The $455,000 three-year project includes preparing 2-million-year-old skeletons recovered from a limestone quarry near Newberry, Fla., a recently donated private collection of more than 40,000 Florida specimens and others recently collected during the expansion of the Panama Canal in Central America. Many specimens from these sites have already been the subject of published research, including ground sloths the size of bull elephants, armadillos the size of wolves, saber-toothed cats and the oldest known porcupine skeleton. The Florida Museum’s collection is the most comprehensive for fossil vertebrates found in the eastern U.S. and circum-Caribbean Basin spanning the last 65 million years.
“Not only does this grant provide much needed support for curation of significant specimens but also for critical digitization of our collections,” said vertebrate paleontology associate curator Jonathan Bloch. “Using high-resolution digital photography, three-dimensional laser-scanning and even video, we will make our collections available to everyone in the world with an Internet connection.”
The grant will allow for rapid curation of specimens that otherwise would have taken many years to accomplish, said museum vertebrate paleontology collection manager Richard Hulbert. Researchers are also using a 3-D scanner that laser scans and digitizes fossils for analysis.
“The 3-D scanner allows researchers to understand comparisons of specimens in different ways,” Bloch said.
The Haile 7G Collection, which Hulbert describes as “the most important find of its age in the last 40 years,” was recovered from a limestone quarry near Newberry from 2005 to 2007. It includes fossils still stored in plaster “jackets” used to carefully remove bones from the earth, which are now beginning to deteriorate, Hulbert said.
“After three years of excavations involving hundreds of volunteers from all around Florida, we ended up with thousands of specimens,” Hulbert said. “We brought in fossils and made plaster jackets faster than we could prepare them. This grant is going to help us in curating that collection. Many of these are incredibly valuable to science, and we know there are more great fossils out there.”
Collector John Waldrop recently donated the Timberlane Research Organization Collection to the Florida Museum and proper cataloging of the specimens is dependent on communication with Waldrop to correctly interpret hand-written field notes and localities, Hulbert said. This collection was the result of 40 years of fieldwork by Waldrop and his students throughout Florida.
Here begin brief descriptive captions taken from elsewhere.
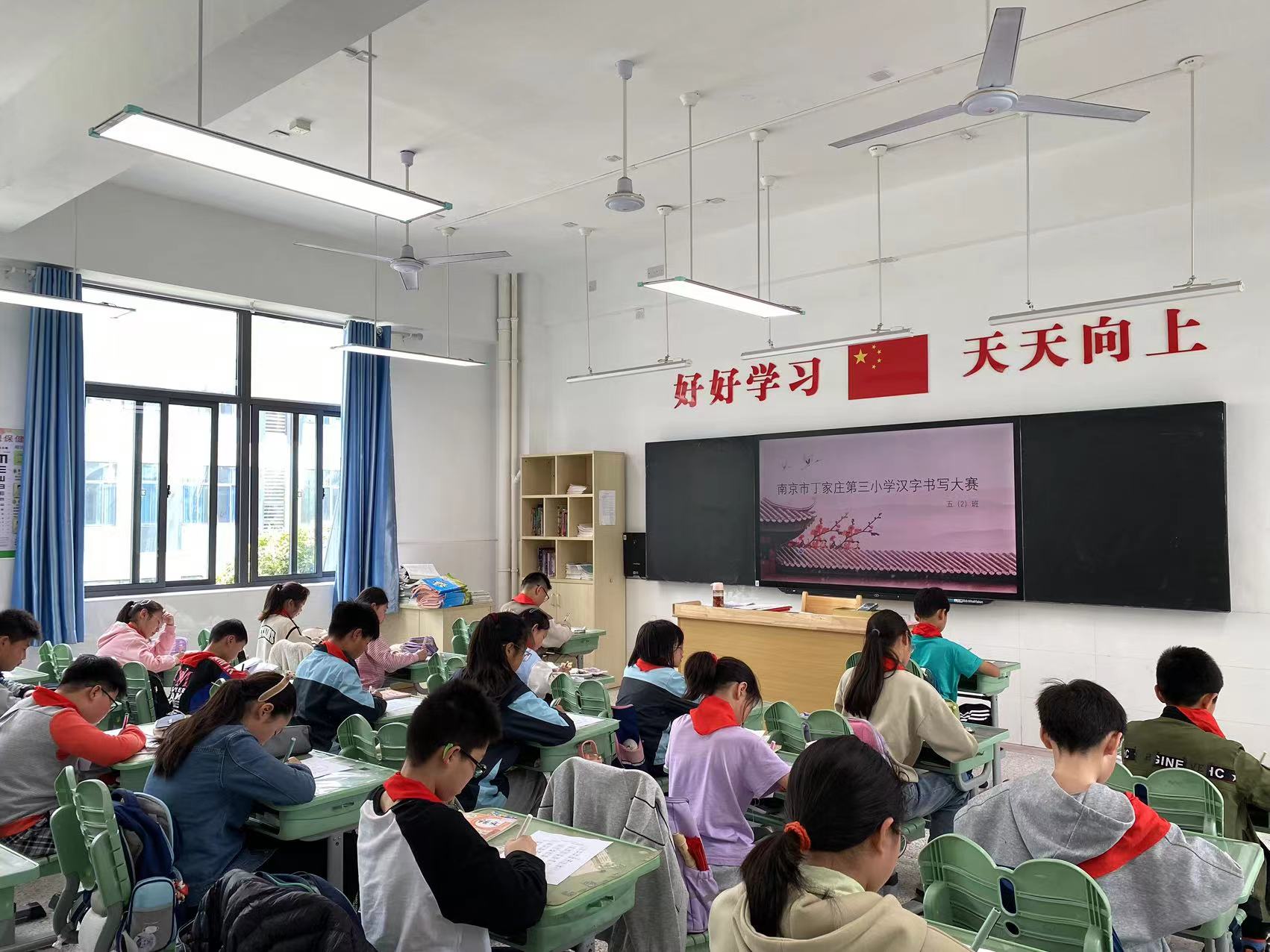 汉字书写大赛报道_html_m28f7bdad.jpg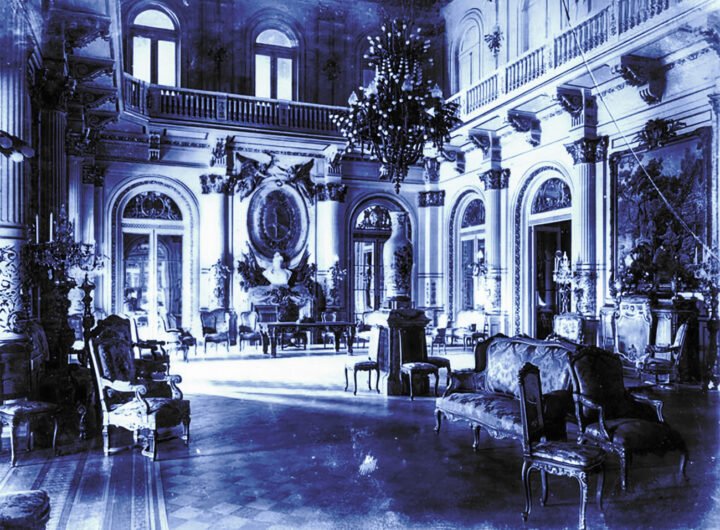 Luxe interieur van een Argentijns paleis met marmeren vloeren, hoge plafonds en rijk versierde meubels, symbool voor de rijkdom van een kleine elite.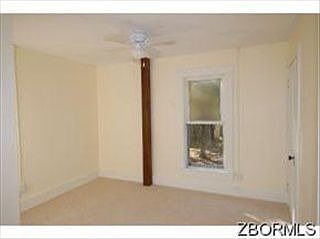 5th image of 914 Locust Ave
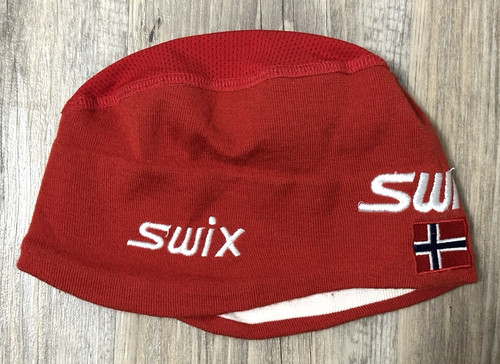 Swix beanie hat - red, size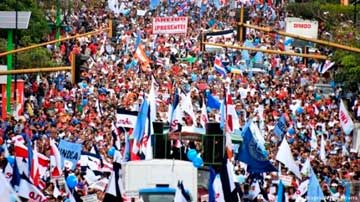 Multitud en Costa Rica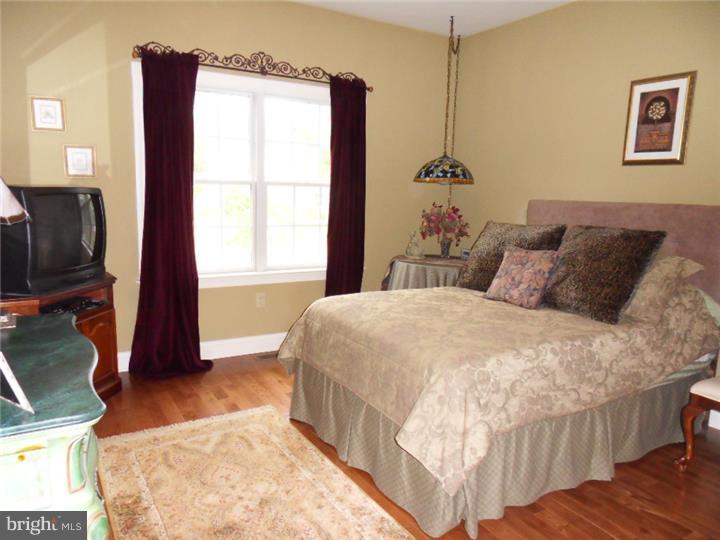 4899 Stump Road, Unit D Plumsteadville, PA 18947 - Photo 11 of 21 Bedroom 2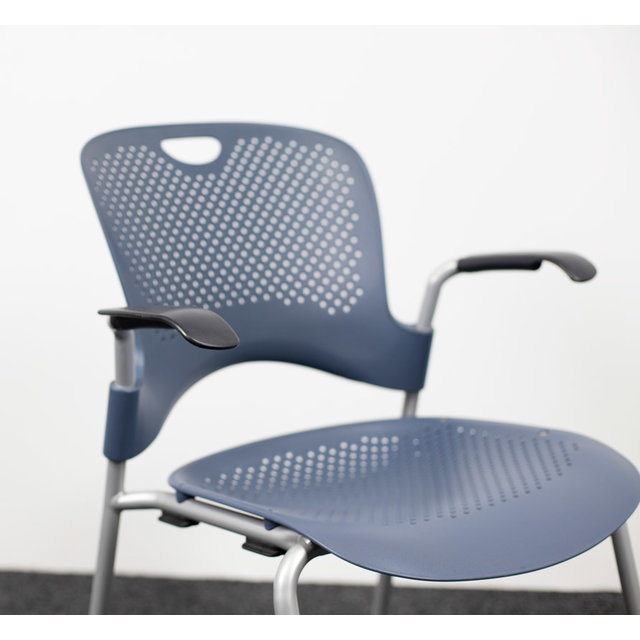 Herman Miller Caper Stoel Met Armleuningen - Blauw
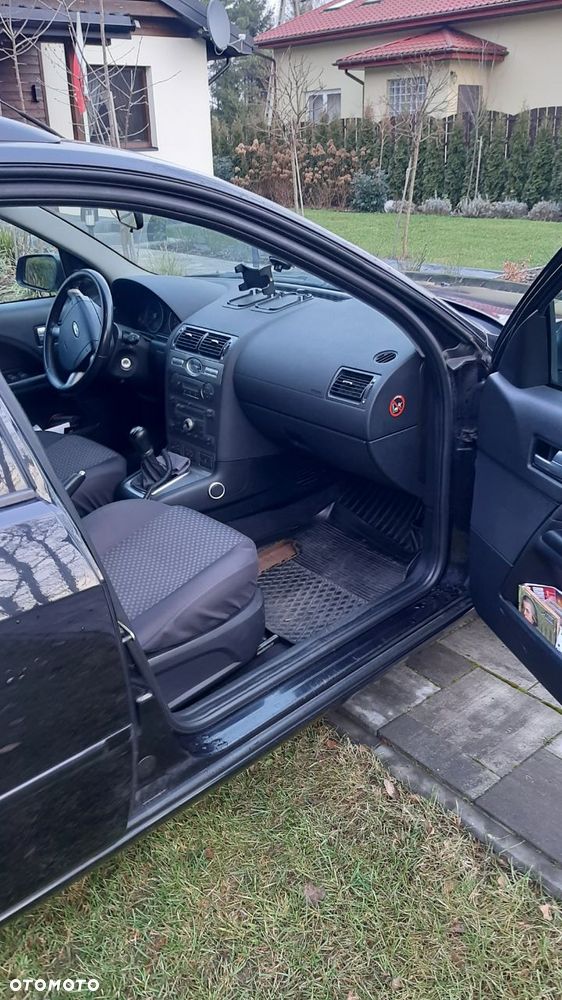 Ford Mondeo 2.0 TDCi Trend - 5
“The fact is, we really need Mr. Waldrop’s help on occasion to understand where exactly different specimens were found and the circumstances around collecting them,” Hulbert said. “And that’s already proven to be the case – we have fossils from a site that potentially has the oldest land mammals in Florida and we’ve just been in contact with him for details about the geology. We’re working with him on this project and the funding guarantees that we will get this done quickly.”
Preparation of specimens from the Panama Canal Fossil Collection is integral for research as well as curation for an exhibit honoring the centennial of the Panama Canal opening, Bloch said.
Researchers intend to expand the Florida Museum’s online catalog of specimens by imaging thousands of fossils after they are prepared and curated.
“We’re working with NSF’s initiative to digitize collections across the board,” Bloch said. “Everything that we digitize will be accessible to the public through our database.”